Onboard PaddleOCR with Amazon SageMaker Projects for MLOps to perform optical character recognition on identity documents
Optical character recognition (OCR) is the task of converting printed or handwritten text into machine-encoded text. OCR has been widely used in various scenarios, such as document electronization and identity authentication. Because OCR can greatly reduce the manual effort to register key information and serve as an entry step for understanding large volumes of documents, an accurate OCR system plays a crucial role in the era of digital transformation.
The open-source community and researchers are concentrating on how to improve OCR accuracy, ease of use, integration with pre-trained models, extension, and flexibility. Among many proposed frameworks, PaddleOCR has gained increasing attention recently. The proposed framework concentrates on obtaining high accuracy while balancing computational efficiency. In addition, the pre-trained models for Chinese and English make it popular in the Chinese language-based market. See the PaddleOCR GitHub repo for more details.
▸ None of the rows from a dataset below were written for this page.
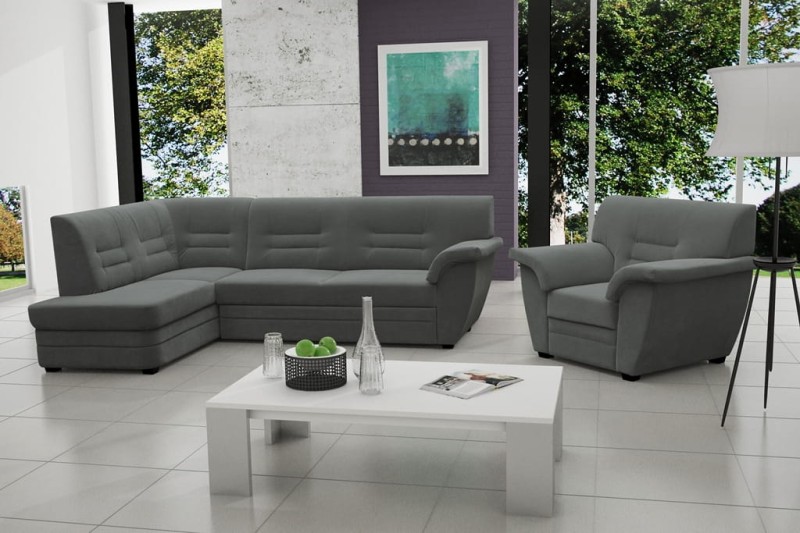 Zestaw Jordania tkanina Penta 17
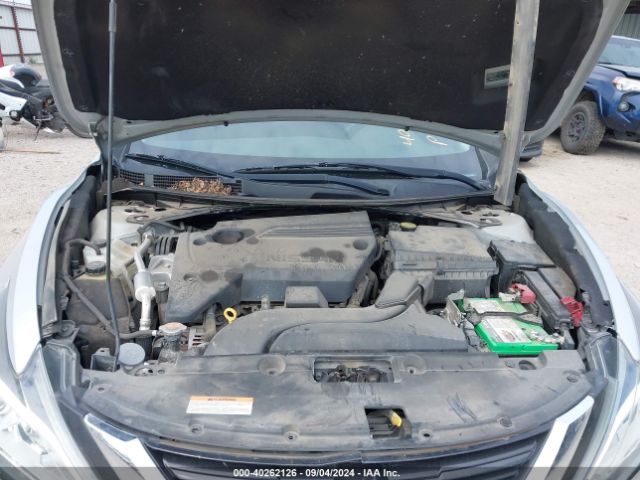 Photo 9 VIN: 1N4AL3AP8JC275243 - NISSAN ALTIMA 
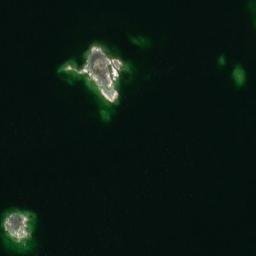 Satellite imagery of Sundskär, AX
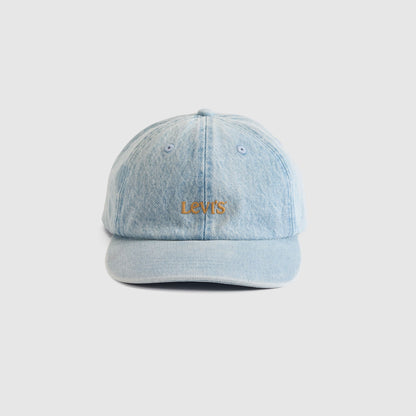 Levi's® Men's Club Logo Cap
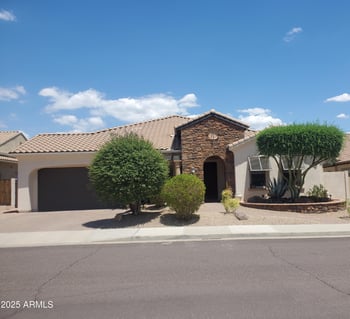 14725 182nd Dr, Goodyear, AZ 85338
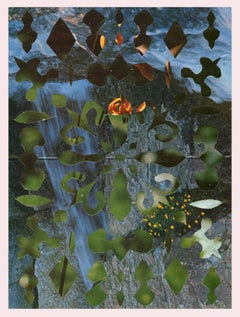 Untitled (Snowflake)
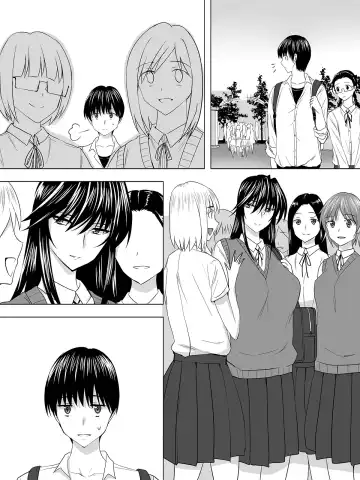 [Sen] Picchiri Suit DIY Fhentai - Page 53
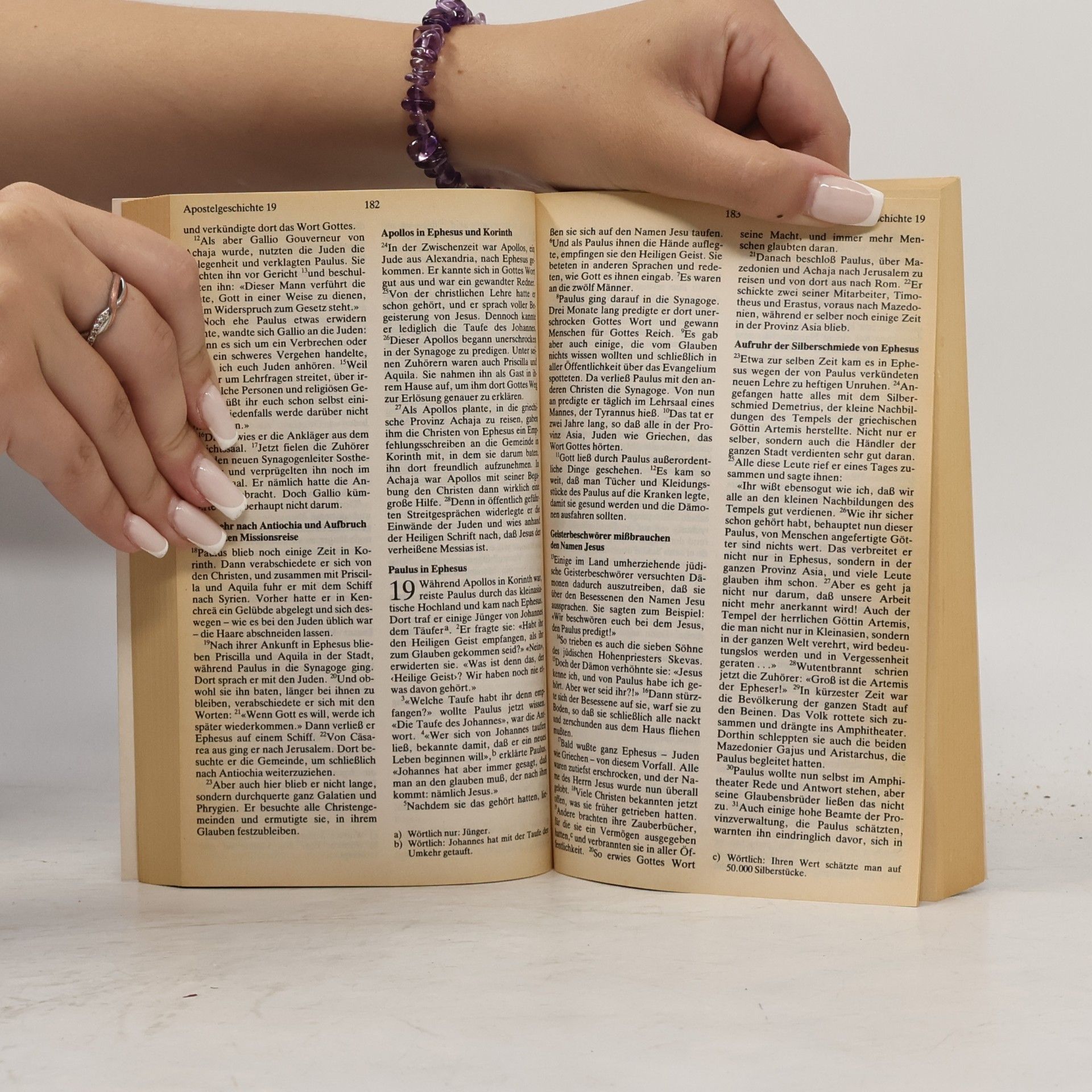 Various authors Hoffnung für Alle. Das neue Testament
At AWS, we have also proposed integrated AI services that are ready to use with no machine learning (ML) expertise. To extract text and structured data such as tables and forms from documents, you can use Amazon Textract. It uses ML techniques to read and process any type of document, accurately extracting text, handwriting, tables, and other data with no manual effort.
For the data scientists who want the flexibility to use an open-source framework to develop your own OCR model, we also offer the fully managed ML service Amazon SageMaker. SageMaker enables you to implement MLOps best practices throughout the ML lifecycle, and provides templates and toolsets to reduce the undifferentiated heavy lifting to put ML projects in production.
In this post, we concentrate on developing customized models within the PaddleOCR framework on SageMaker. We walk through the ML development lifecycle to illustrate how SageMaker can help you build and train a model, and eventually deploy the model as a web service. Although we illustrate this solution with PaddleOCR, the general guidance is true for arbitrary frameworks to be used on SageMaker. To accompany this post, we also provide sample code in the GitHub repository.
As a widely adopted OCR framework, PaddleOCR contains rich text detection, text recognition, and end-to-end algorithms. It chooses Differentiable Binarization (DB) and Convolutional Recurrent Neural Network (CRNN) as the basic detection and recognition models, and proposes a series of models, named PP-OCR, for industrial applications after a series of optimization strategies.
The PP-OCR model is aimed at general scenarios and forms a model library of different languages. It consists of three parts: text detection, box detection and rectification, and text recognition, illustrated in the following figure on the PaddleOCR official GitHub repository. You can also refer to the research paper PP-OCR: A Practical Ultra Lightweight OCR System for more information.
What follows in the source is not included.